[Stored items from a collection]
####################
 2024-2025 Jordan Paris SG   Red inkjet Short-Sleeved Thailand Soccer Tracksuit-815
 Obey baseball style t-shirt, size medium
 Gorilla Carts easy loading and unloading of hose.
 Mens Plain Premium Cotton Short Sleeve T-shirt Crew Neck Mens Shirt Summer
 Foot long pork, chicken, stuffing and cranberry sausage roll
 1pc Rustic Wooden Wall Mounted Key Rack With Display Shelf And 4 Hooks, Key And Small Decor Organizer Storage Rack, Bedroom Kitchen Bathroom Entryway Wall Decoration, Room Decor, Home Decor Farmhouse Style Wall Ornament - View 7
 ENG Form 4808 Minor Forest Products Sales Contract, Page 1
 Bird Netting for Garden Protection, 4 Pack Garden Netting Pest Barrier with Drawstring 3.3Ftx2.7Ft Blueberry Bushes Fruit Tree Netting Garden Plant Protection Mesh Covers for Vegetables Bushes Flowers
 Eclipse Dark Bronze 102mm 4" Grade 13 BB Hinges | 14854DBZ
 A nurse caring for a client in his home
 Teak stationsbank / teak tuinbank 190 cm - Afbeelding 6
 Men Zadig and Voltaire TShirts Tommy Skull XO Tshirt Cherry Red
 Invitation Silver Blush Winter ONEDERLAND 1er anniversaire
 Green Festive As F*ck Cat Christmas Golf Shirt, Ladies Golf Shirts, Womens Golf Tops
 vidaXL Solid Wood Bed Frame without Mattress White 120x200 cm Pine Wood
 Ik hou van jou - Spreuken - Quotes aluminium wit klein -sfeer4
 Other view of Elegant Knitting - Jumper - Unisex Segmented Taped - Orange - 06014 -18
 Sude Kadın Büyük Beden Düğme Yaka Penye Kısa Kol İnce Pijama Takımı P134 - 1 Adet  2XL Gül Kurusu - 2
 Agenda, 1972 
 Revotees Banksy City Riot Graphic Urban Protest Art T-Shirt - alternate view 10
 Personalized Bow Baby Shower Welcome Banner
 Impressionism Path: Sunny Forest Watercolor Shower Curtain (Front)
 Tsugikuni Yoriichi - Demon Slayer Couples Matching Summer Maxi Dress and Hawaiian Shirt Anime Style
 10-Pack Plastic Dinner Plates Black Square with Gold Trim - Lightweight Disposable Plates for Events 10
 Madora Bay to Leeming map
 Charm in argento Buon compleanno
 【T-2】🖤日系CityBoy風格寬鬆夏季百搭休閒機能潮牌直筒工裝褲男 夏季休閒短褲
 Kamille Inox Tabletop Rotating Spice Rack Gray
####################
#### TASK OBJECTIVE:
Provide a verbatim copy of all the entries.

#### PROBLEM SOLUTION:
 2024-2025 Jordan Paris SG   Red inkjet Short-Sleeved Thailand Soccer Tracksuit-815
 Obey baseball style t-shirt, size medium
 Gorilla Carts easy loading and unloading of hose.
 Mens Plain Premium Cotton Short Sleeve T-shirt Crew Neck Mens Shirt Summer
 Foot long pork, chicken, stuffing and cranberry sausage roll
 1pc Rustic Wooden Wall Mounted Key Rack With Display Shelf And 4 Hooks, Key And Small Decor Organizer Storage Rack, Bedroom Kitchen Bathroom Entryway Wall Decoration, Room Decor, Home Decor Farmhouse Style Wall Ornament - View 7
 ENG Form 4808 Minor Forest Products Sales Contract, Page 1
 Bird Netting for Garden Protection, 4 Pack Garden Netting Pest Barrier with Drawstring 3.3Ftx2.7Ft Blueberry Bushes Fruit Tree Netting Garden Plant Protection Mesh Covers for Vegetables Bushes Flowers
 Eclipse Dark Bronze 102mm 4" Grade 13 BB Hinges | 14854DBZ
 A nurse caring for a client in his home
 Teak stationsbank / teak tuinbank 190 cm - Afbeelding 6
 Men Zadig and Voltaire TShirts Tommy Skull XO Tshirt Cherry Red
 Invitation Silver Blush Winter ONEDERLAND 1er anniversaire
 Green Festive As F*ck Cat Christmas Golf Shirt, Ladies Golf Shirts, Womens Golf Tops
 vidaXL Solid Wood Bed Frame without Mattress White 120x200 cm Pine Wood
 Ik hou van jou - Spreuken - Quotes aluminium wit klein -sfeer4
 Other view of Elegant Knitting - Jumper - Unisex Segmented Taped - Orange - 06014 -18
 Sude Kadın Büyük Beden Düğme Yaka Penye Kısa Kol İnce Pijama Takımı P134 - 1 Adet  2XL Gül Kurusu - 2
 Agenda, 1972 
 Revotees Banksy City Riot Graphic Urban Protest Art T-Shirt - alternate view 10
 Personalized Bow Baby Shower Welcome Banner
 Impressionism Path: Sunny Forest Watercolor Shower Curtain (Front)
 Tsugikuni Yoriichi - Demon Slayer Couples Matching Summer Maxi Dress and Hawaiian Shirt Anime Style
 10-Pack Plastic Dinner Plates Black Square with Gold Trim - Lightweight Disposable Plates for Events 10
 Madora Bay to Leeming map
 Charm in argento Buon compleanno
 【T-2】🖤日系CityBoy風格寬鬆夏季百搭休閒機能潮牌直筒工裝褲男 夏季休閒短褲
 Kamille Inox Tabletop Rotating Spice Rack Gray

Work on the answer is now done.